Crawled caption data
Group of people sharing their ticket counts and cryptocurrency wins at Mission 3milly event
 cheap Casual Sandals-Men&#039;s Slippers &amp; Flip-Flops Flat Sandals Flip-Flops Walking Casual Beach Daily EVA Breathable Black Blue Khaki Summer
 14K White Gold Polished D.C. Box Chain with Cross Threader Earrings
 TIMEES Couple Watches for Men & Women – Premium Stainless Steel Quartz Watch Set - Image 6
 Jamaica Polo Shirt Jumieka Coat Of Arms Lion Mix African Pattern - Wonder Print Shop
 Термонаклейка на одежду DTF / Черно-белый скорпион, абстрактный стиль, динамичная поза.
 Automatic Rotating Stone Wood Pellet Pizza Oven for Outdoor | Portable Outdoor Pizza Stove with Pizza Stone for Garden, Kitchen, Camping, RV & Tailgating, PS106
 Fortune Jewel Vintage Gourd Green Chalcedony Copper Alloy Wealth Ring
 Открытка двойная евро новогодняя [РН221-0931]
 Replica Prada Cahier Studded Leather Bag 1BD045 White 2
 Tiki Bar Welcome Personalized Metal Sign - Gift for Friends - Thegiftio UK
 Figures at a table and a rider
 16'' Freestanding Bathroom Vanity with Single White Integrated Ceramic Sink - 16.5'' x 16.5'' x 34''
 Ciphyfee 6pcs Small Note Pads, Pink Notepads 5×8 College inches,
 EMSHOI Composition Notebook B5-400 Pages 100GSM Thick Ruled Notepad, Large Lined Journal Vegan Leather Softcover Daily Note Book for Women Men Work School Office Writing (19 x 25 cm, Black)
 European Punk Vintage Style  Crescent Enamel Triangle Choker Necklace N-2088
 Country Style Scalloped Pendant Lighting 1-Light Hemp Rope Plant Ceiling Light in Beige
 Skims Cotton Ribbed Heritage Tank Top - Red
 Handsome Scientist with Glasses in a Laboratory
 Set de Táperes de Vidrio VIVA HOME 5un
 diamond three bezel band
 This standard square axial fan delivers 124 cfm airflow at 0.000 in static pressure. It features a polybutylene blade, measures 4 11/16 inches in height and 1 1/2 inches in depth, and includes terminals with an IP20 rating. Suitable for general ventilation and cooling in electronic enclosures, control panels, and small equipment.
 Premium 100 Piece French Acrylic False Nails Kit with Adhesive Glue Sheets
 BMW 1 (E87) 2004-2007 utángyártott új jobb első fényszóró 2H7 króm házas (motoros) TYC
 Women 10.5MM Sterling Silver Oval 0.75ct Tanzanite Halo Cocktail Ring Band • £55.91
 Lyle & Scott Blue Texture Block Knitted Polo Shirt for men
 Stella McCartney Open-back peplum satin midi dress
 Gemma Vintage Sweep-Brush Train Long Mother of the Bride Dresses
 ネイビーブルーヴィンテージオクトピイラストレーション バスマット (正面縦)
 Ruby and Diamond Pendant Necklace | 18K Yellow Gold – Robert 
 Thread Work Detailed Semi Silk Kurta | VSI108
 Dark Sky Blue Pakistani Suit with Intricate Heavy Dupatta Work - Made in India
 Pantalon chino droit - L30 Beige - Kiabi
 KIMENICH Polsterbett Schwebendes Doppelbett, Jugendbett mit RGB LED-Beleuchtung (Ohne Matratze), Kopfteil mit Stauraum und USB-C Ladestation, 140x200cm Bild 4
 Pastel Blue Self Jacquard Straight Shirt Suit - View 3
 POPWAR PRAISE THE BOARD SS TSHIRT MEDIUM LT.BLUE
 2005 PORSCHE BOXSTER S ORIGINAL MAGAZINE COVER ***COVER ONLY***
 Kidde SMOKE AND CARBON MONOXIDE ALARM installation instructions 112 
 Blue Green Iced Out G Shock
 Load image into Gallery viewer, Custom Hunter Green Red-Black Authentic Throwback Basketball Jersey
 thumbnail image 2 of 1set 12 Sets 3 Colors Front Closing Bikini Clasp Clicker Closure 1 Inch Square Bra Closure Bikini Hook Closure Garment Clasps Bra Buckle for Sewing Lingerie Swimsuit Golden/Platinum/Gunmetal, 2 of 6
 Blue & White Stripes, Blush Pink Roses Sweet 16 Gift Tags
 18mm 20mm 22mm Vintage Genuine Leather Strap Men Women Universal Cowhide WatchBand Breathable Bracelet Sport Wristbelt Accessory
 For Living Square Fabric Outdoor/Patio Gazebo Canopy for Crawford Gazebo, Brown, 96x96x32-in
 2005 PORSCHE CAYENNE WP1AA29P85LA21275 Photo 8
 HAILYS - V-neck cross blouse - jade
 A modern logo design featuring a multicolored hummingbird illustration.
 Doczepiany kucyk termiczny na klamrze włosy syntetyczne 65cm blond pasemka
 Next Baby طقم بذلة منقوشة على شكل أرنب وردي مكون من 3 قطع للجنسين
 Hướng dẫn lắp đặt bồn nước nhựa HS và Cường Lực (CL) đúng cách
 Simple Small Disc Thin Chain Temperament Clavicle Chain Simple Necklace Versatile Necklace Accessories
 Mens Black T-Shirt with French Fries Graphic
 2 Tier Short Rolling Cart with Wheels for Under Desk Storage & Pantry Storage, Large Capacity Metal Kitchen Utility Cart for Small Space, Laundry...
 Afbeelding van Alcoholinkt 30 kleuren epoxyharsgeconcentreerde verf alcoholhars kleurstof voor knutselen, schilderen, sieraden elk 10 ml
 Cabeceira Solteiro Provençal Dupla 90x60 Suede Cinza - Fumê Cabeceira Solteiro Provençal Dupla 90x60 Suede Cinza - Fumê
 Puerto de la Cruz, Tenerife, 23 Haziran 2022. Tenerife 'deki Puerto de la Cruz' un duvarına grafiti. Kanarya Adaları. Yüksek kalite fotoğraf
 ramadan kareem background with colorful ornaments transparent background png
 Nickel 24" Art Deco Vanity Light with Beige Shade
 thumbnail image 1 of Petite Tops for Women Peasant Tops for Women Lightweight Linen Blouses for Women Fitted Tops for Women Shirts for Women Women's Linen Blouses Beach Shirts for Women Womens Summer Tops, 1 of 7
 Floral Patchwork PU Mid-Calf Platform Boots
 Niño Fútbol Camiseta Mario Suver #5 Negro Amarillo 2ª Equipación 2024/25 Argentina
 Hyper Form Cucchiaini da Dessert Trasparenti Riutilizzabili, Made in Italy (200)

#### [WHAT TO DO]
Please repeat each line above exactly.

#### [RESULT FOR THIS TASK]
Group of people sharing their ticket counts and cryptocurrency wins at Mission 3milly event
 cheap Casual Sandals-Men&#039;s Slippers &amp; Flip-Flops Flat Sandals Flip-Flops Walking Casual Beach Daily EVA Breathable Black Blue Khaki Summer
 14K White Gold Polished D.C. Box Chain with Cross Threader Earrings
 TIMEES Couple Watches for Men & Women – Premium Stainless Steel Quartz Watch Set - Image 6
 Jamaica Polo Shirt Jumieka Coat Of Arms Lion Mix African Pattern - Wonder Print Shop
 Термонаклейка на одежду DTF / Черно-белый скорпион, абстрактный стиль, динамичная поза.
 Automatic Rotating Stone Wood Pellet Pizza Oven for Outdoor | Portable Outdoor Pizza Stove with Pizza Stone for Garden, Kitchen, Camping, RV & Tailgating, PS106
 Fortune Jewel Vintage Gourd Green Chalcedony Copper Alloy Wealth Ring
 Открытка двойная евро новогодняя [РН221-0931]
 Replica Prada Cahier Studded Leather Bag 1BD045 White 2
 Tiki Bar Welcome Personalized Metal Sign - Gift for Friends - Thegiftio UK
 Figures at a table and a rider
 16'' Freestanding Bathroom Vanity with Single White Integrated Ceramic Sink - 16.5'' x 16.5'' x 34''
 Ciphyfee 6pcs Small Note Pads, Pink Notepads 5×8 College inches,
 EMSHOI Composition Notebook B5-400 Pages 100GSM Thick Ruled Notepad, Large Lined Journal Vegan Leather Softcover Daily Note Book for Women Men Work School Office Writing (19 x 25 cm, Black)
 European Punk Vintage Style  Crescent Enamel Triangle Choker Necklace N-2088
 Country Style Scalloped Pendant Lighting 1-Light Hemp Rope Plant Ceiling Light in Beige
 Skims Cotton Ribbed Heritage Tank Top - Red
 Handsome Scientist with Glasses in a Laboratory
 Set de Táperes de Vidrio VIVA HOME 5un
 diamond three bezel band
 This standard square axial fan delivers 124 cfm airflow at 0.000 in static pressure. It features a polybutylene blade, measures 4 11/16 inches in height and 1 1/2 inches in depth, and includes terminals with an IP20 rating. Suitable for general ventilation and cooling in electronic enclosures, control panels, and small equipment.
 Premium 100 Piece French Acrylic False Nails Kit with Adhesive Glue Sheets
 BMW 1 (E87) 2004-2007 utángyártott új jobb első fényszóró 2H7 króm házas (motoros) TYC
 Women 10.5MM Sterling Silver Oval 0.75ct Tanzanite Halo Cocktail Ring Band • £55.91
 Lyle & Scott Blue Texture Block Knitted Polo Shirt for men
 Stella McCartney Open-back peplum satin midi dress
 Gemma Vintage Sweep-Brush Train Long Mother of the Bride Dresses
 ネイビーブルーヴィンテージオクトピイラストレーション バスマット (正面縦)
 Ruby and Diamond Pendant Necklace | 18K Yellow Gold – Robert 
 Thread Work Detailed Semi Silk Kurta | VSI108
 Dark Sky Blue Pakistani Suit with Intricate Heavy Dupatta Work - Made in India
 Pantalon chino droit - L30 Beige - Kiabi
 KIMENICH Polsterbett Schwebendes Doppelbett, Jugendbett mit RGB LED-Beleuchtung (Ohne Matratze), Kopfteil mit Stauraum und USB-C Ladestation, 140x200cm Bild 4
 Pastel Blue Self Jacquard Straight Shirt Suit - View 3
 POPWAR PRAISE THE BOARD SS TSHIRT MEDIUM LT.BLUE
 2005 PORSCHE BOXSTER S ORIGINAL MAGAZINE COVER ***COVER ONLY***
 Kidde SMOKE AND CARBON MONOXIDE ALARM installation instructions 112 
 Blue Green Iced Out G Shock
 Load image into Gallery viewer, Custom Hunter Green Red-Black Authentic Throwback Basketball Jersey
 thumbnail image 2 of 1set 12 Sets 3 Colors Front Closing Bikini Clasp Clicker Closure 1 Inch Square Bra Closure Bikini Hook Closure Garment Clasps Bra Buckle for Sewing Lingerie Swimsuit Golden/Platinum/Gunmetal, 2 of 6
 Blue & White Stripes, Blush Pink Roses Sweet 16 Gift Tags
 18mm 20mm 22mm Vintage Genuine Leather Strap Men Women Universal Cowhide WatchBand Breathable Bracelet Sport Wristbelt Accessory
 For Living Square Fabric Outdoor/Patio Gazebo Canopy for Crawford Gazebo, Brown, 96x96x32-in
 2005 PORSCHE CAYENNE WP1AA29P85LA21275 Photo 8
 HAILYS - V-neck cross blouse - jade
 A modern logo design featuring a multicolored hummingbird illustration.
 Doczepiany kucyk termiczny na klamrze włosy syntetyczne 65cm blond pasemka
 Next Baby طقم بذلة منقوشة على شكل أرنب وردي مكون من 3 قطع للجنسين
 Hướng dẫn lắp đặt bồn nước nhựa HS và Cường Lực (CL) đúng cách
 Simple Small Disc Thin Chain Temperament Clavicle Chain Simple Necklace Versatile Necklace Accessories
 Mens Black T-Shirt with French Fries Graphic
 2 Tier Short Rolling Cart with Wheels for Under Desk Storage & Pantry Storage, Large Capacity Metal Kitchen Utility Cart for Small Space, Laundry...
 Afbeelding van Alcoholinkt 30 kleuren epoxyharsgeconcentreerde verf alcoholhars kleurstof voor knutselen, schilderen, sieraden elk 10 ml
 Cabeceira Solteiro Provençal Dupla 90x60 Suede Cinza - Fumê Cabeceira Solteiro Provençal Dupla 90x60 Suede Cinza - Fumê
 Puerto de la Cruz, Tenerife, 23 Haziran 2022. Tenerife 'deki Puerto de la Cruz' un duvarına grafiti. Kanarya Adaları. Yüksek kalite fotoğraf
 ramadan kareem background with colorful ornaments transparent background png
 Nickel 24" Art Deco Vanity Light with Beige Shade
 thumbnail image 1 of Petite Tops for Women Peasant Tops for Women Lightweight Linen Blouses for Women Fitted Tops for Women Shirts for Women Women's Linen Blouses Beach Shirts for Women Womens Summer Tops, 1 of 7
 Floral Patchwork PU Mid-Calf Platform Boots
 Niño Fútbol Camiseta Mario Suver #5 Negro Amarillo 2ª Equipación 2024/25 Argentina
 Hyper Form Cucchiaini da Dessert Trasparenti Riutilizzabili, Made in Italy (200)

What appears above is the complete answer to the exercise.